**** Recorded information

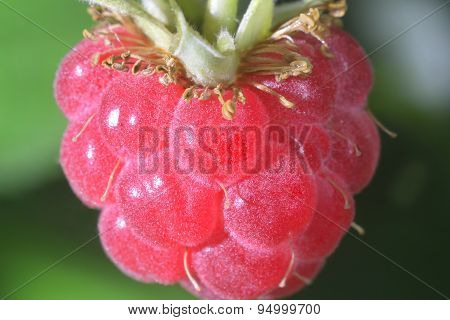 Close-up  Raspberry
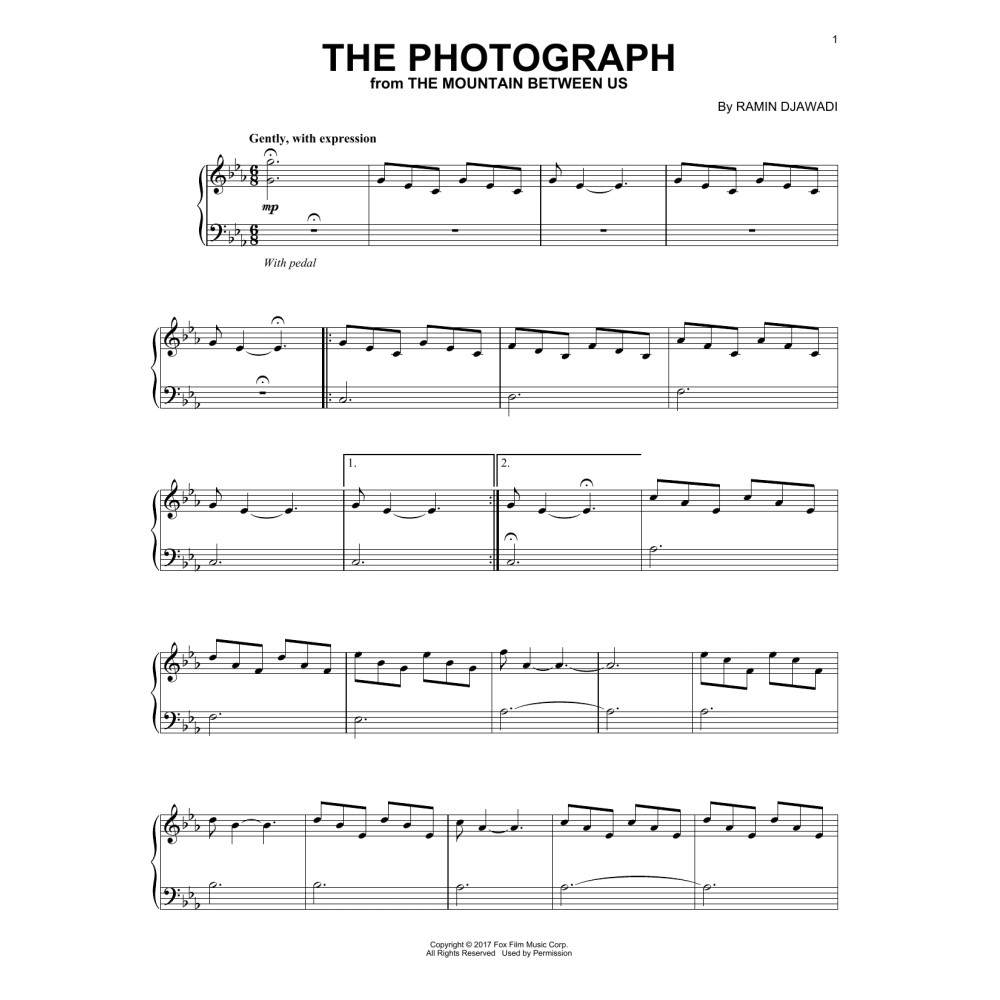 The Photograph (from The Mountain Between Us)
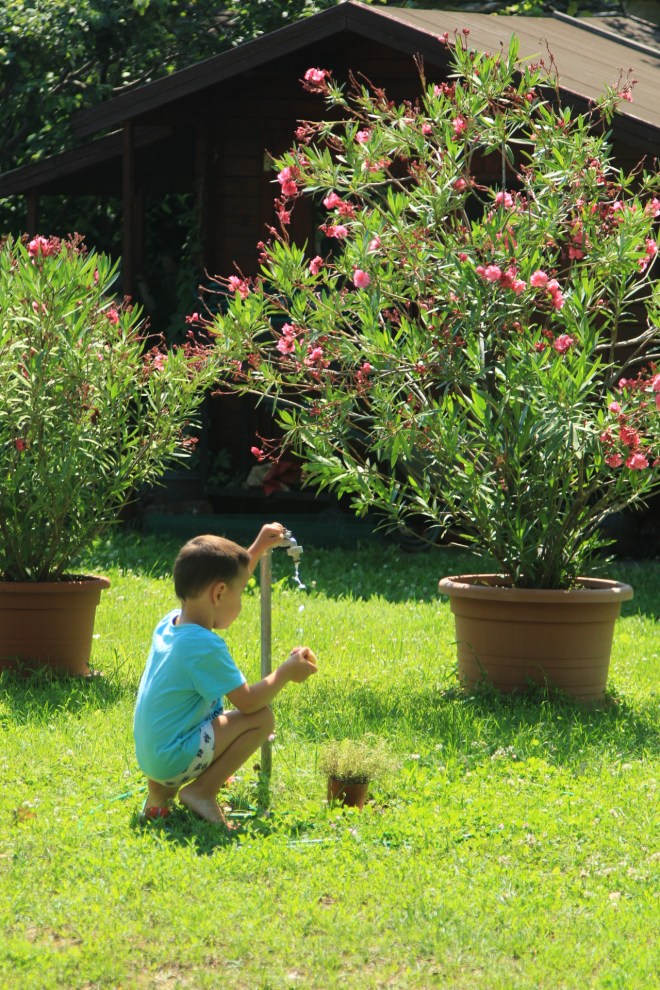 szögletes aranyhal nyári nap a kertben 009 leander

********

Your task is to reproduce exactly the lines from the one with "The Photograph (from" to the end of the material, both included, with the pictures left out.

Response to this exercise >>
 The Photograph (from The Mountain Between Us)
 szögletes aranyhal nyári nap a kertben 009 leander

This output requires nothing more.